Manchester's is a fusion festival. Alex Poots, outgoing director of Manchester International Festival, has a knack for matchmaking. In his decade at the helm, he has paired Punchdrunk with Adam Curtis, Elbow with La Halle Orchestra, Marina Abramhovic with Robert Wilson – all to great effect. Elsewhere this year, Wayne McGregor and Jamie xx, choreographer and DJ, have woven their work together for a much-lauded contemporary ballet, Tree of Codes, and, at the Whitworth, the Gerhard Richter/Avro Pärt exhibition is supposed to be excellent.

Matches don't always strike, though, and so it is with Neck of the Woods – a collaboration between visual artist Douglas Gordon, pianist Hélène Grimaud, writer Veronica Gonzalez Peña and the actress Charlotte Rampling with the Sacred Sounds Women's Choir for good measure. It's not so much cross-arts as ships-that-pass-in-the-night arts.

It starts in the pitch dark with the sound of an axeman at work. We hear panting and the sharp thunk of an axe hitting wood, so loud you flinch every time. It sounds strangely animal, like a butcher hacking at flesh and bone, and it goes on for ages until, with a creak, then a lurch, then an almighty crash that makes the whole room shake, a tree topples to the floor.

Lights inch up on a glossy black stage: a strip of piano played by blood red hands; six axe handles clumped together like a bulrushes. Charlotte Rampling sits upright, dressed in beige and blood red, and purrs her way through a text – a nightmare about white wolves, then a purred recital of Red Riding Hood. She wrings her red hands and, behind a gauze, more hands seem to wave in the wind, as the choir voice the breathy sounds of the forest. Snow falls.

The combo resists concrete interpretation: I read it in terms of our relationship with the natural world, how we're taught to fear it and to see ourselves as separate from it.
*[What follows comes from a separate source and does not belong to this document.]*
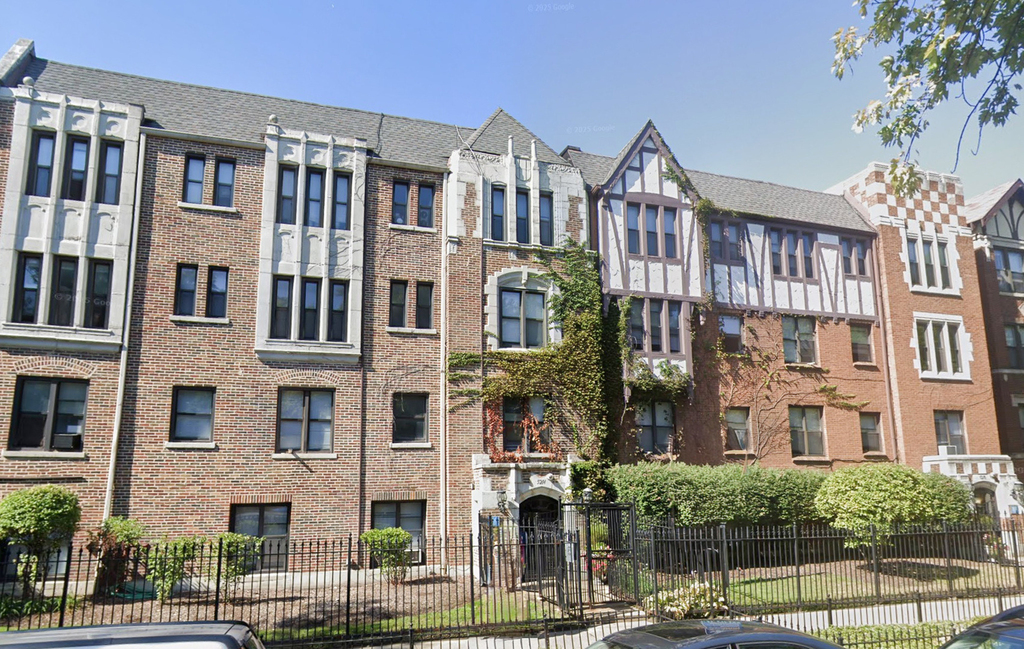 5210 S Woodlawn Avenue - Photo 0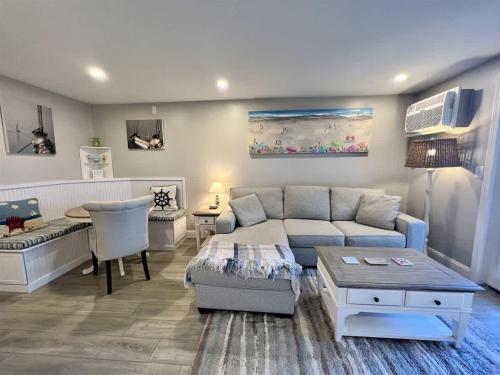 オガンキットにあるUpdated Ocean Towers Condo in Ogunquitのギャラリーの写真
Hands – and their prehensile thumbs – chop down trees, dance over keys and slice open wolves, but they are as much a part of nature as the woods and the wind.

Then the piece swerves: Red Riding Hood's wolf starts to seem almost human, a predator of a different sort, and the huntsman, her saviour, a reflection of the storyteller, her father. Is Gordon suggesting that we project human ills onto the natural world? It's never entirely clear and, Grimaud's piano playing excepted, it's never remotely interesting.

In fairness, Neck of the Woods doesn't ask to be judged as theatre. The stage suits public pronouncements and political thinking. It addresses the world and confronts its audience. Gordon and co. want to have a little think about woods and wolves and stories and sex and human hands. It's more a meditation; an art exhibition in the form of a performance and it approaches its subject from a number of angles. Trouble is it's nowhere near taut enough for the stage. In the dark, our attention will drift – and drift it does.